A um ano do fim do mandato deste governo, como está o país? O “ajustamento” da troika e do governo reconfigurou o país pela destruição dos direitos sociais e laborais.
Os cortes no Complemento Solidário para Idosos são talvez uma das mais violentas expressões deste governo. Menos 50 mil idosos com CSI não significa menos idosos pobres em Portugal. São sim idosos pobres que deixam de ser apoiados. Baixaram montantes de referência, aumentaram limite de idade, criaram novas formas burocráticas de exclusão. No momento da crise, em vez de alargar apoios para acudir a quem mais precisa, o governo inventou novas regras para retirar os apoios a quem sempre precisou. Não é fiscalização, é penalização. No CSI como nas outras prestações sociais.
Hoje, números oficiais e que escondem a drama dos desencorajados e do subemprego, quase meio milhão de pessoas em situação de desemprego estão sem qualquer apoio do Estado. Nestes estão os desempregados de longa duração, os jovens que desesperam por um contrato de trabalho que nunca chega, os recibos verdes a quem se prometeu o apoio que nunca chegou.
Este governo só tem para mostrar a política do abandono e a economia da desistência. As alterações no mercado do trabalho são isso mesmo: horários desumanos por baixo salário para uns; desemprego para outros.
A direita transformou os trabalhadores em colaboradores, que seriam precários e agora estagiários. Os estágios substituem o emprego, com financiamento direto do Estado às empresas para que não criem postos de trabalho. São os novos precários, mais precários ainda.
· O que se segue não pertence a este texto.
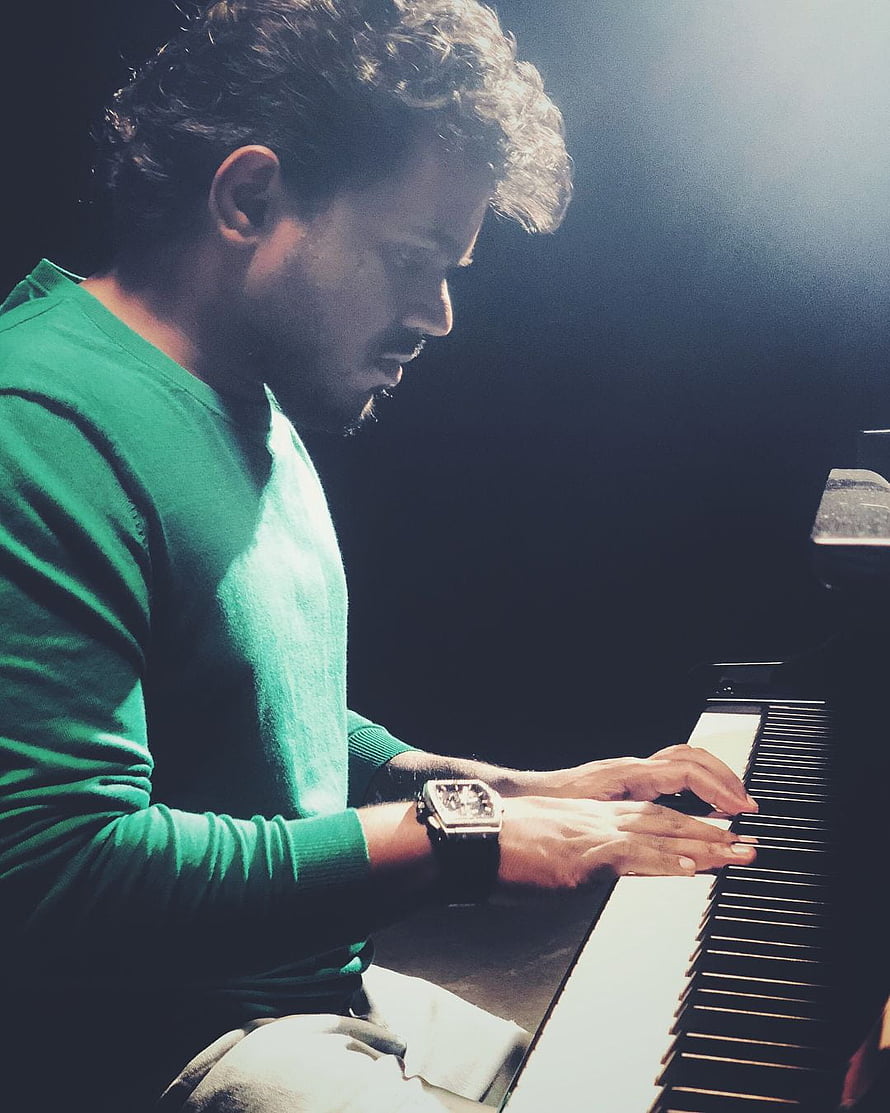 Yuvan playing piano in dramatic low-key lighting with a green sweater HD phone wallpaper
O “ajustamento” penaliza quem trabalha e condena o país. Bem pode o governo bater no peito a garantir a preocupação com a natalidade. Como pode quem aos 20, 30, 40 anos vive de estágio em estágio, de bolsa em bolsa, de subemprego para desemprego, querer ter filhos em Portugal? Poder viver em Portugal?
E a pergunta é: teria de ser assim? Não tem. Quem trabalha e vive em Portugal nunca pagou tanto a um país que oferece tão pouco. O país está a ser sangrado pela austeridade e em nome da dívida pública.
A dívida pública está hoje em mais de 130% do PIB e continua a aumentar. São mais 25 milhões de euros a cada dia que passa. O serviço da dívida são os cortes nas escolas, é a saúde que piora, é o desemprego que nos afunda. A escolha entre a dívida e o país é a escolha determinante. Reestruturação não pode mais ser tabu; é a exigência da sobrevivência do país.